■ **EXERCISE REQUIREMENTS**: For this exercise, copy each line of the records that contains the word "span".

■ **EXTRACTED RECORDS**:
# # # #
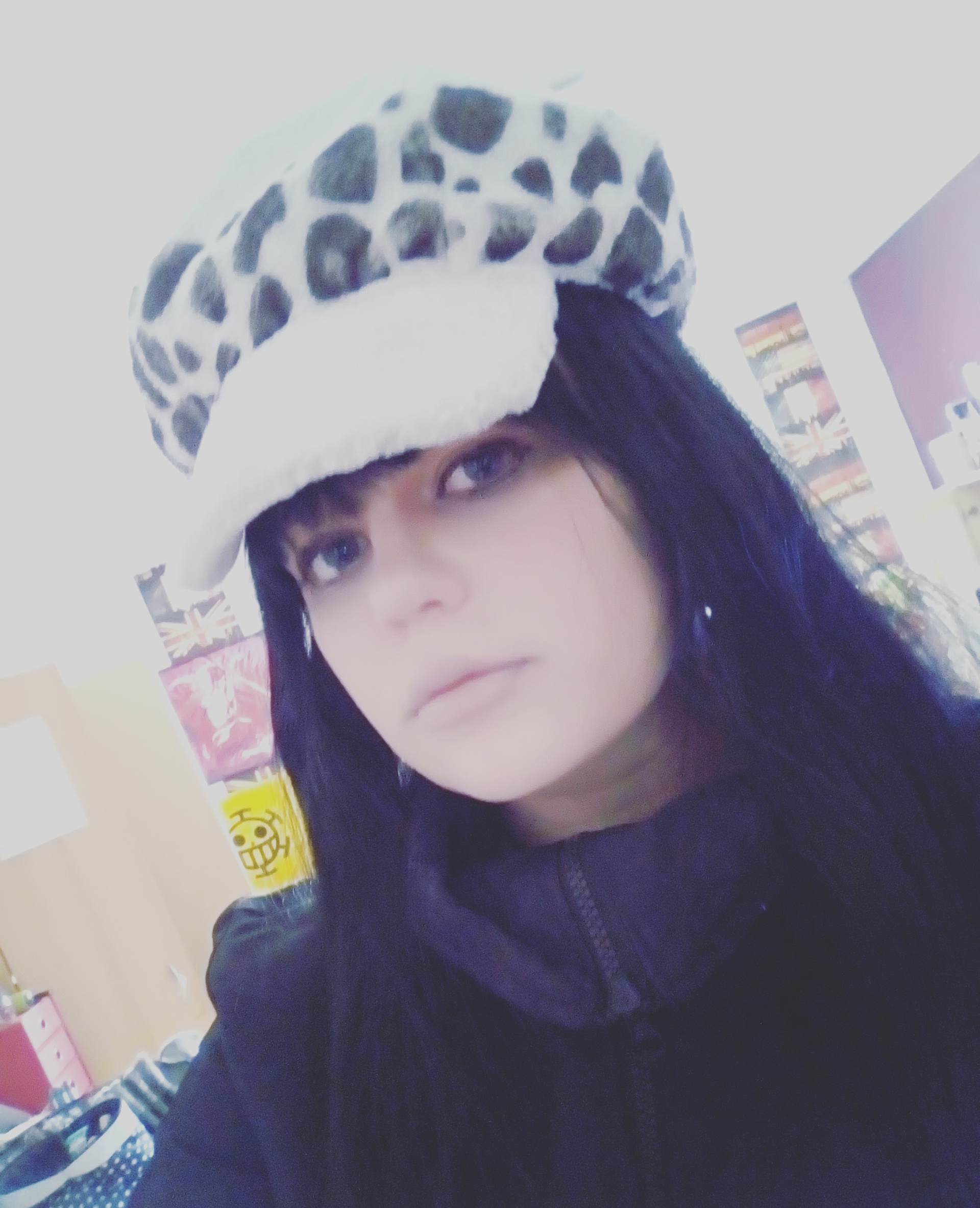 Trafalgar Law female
# # # #
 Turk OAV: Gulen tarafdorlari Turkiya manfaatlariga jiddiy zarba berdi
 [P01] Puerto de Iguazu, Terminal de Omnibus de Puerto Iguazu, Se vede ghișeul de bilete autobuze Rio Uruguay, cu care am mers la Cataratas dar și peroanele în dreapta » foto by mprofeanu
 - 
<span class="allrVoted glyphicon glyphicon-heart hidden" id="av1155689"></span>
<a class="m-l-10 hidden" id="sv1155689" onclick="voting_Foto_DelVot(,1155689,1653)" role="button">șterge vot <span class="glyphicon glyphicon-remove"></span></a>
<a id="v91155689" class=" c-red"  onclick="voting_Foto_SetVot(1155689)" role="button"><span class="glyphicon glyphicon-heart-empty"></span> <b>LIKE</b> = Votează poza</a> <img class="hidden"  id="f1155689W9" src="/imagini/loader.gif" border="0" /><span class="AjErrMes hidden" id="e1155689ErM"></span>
# # # #
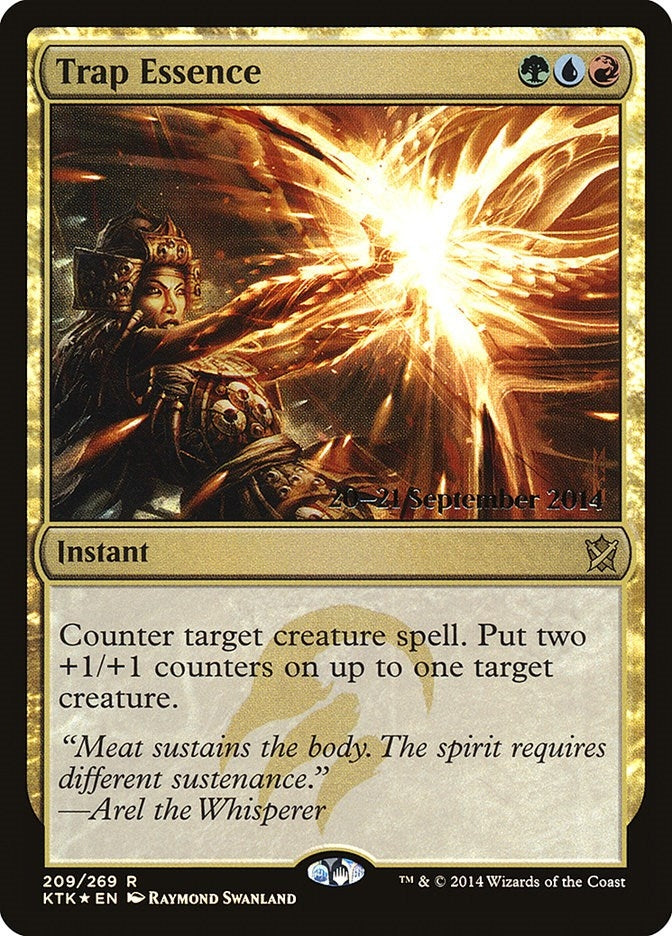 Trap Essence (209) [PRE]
# # # #
■ **ANSWER TO THIS PROBLEM**:
<span class="allrVoted glyphicon glyphicon-heart hidden" id="av1155689"></span>
<a class="m-l-10 hidden" id="sv1155689" onclick="voting_Foto_DelVot(,1155689,1653)" role="button">șterge vot <span class="glyphicon glyphicon-remove"></span></a>
<a id="v91155689" class=" c-red"  onclick="voting_Foto_SetVot(1155689)" role="button"><span class="glyphicon glyphicon-heart-empty"></span> <b>LIKE</b> = Votează poza</a> <img class="hidden"  id="f1155689W9" src="/imagini/loader.gif" border="0" /><span class="AjErrMes hidden" id="e1155689ErM"></span>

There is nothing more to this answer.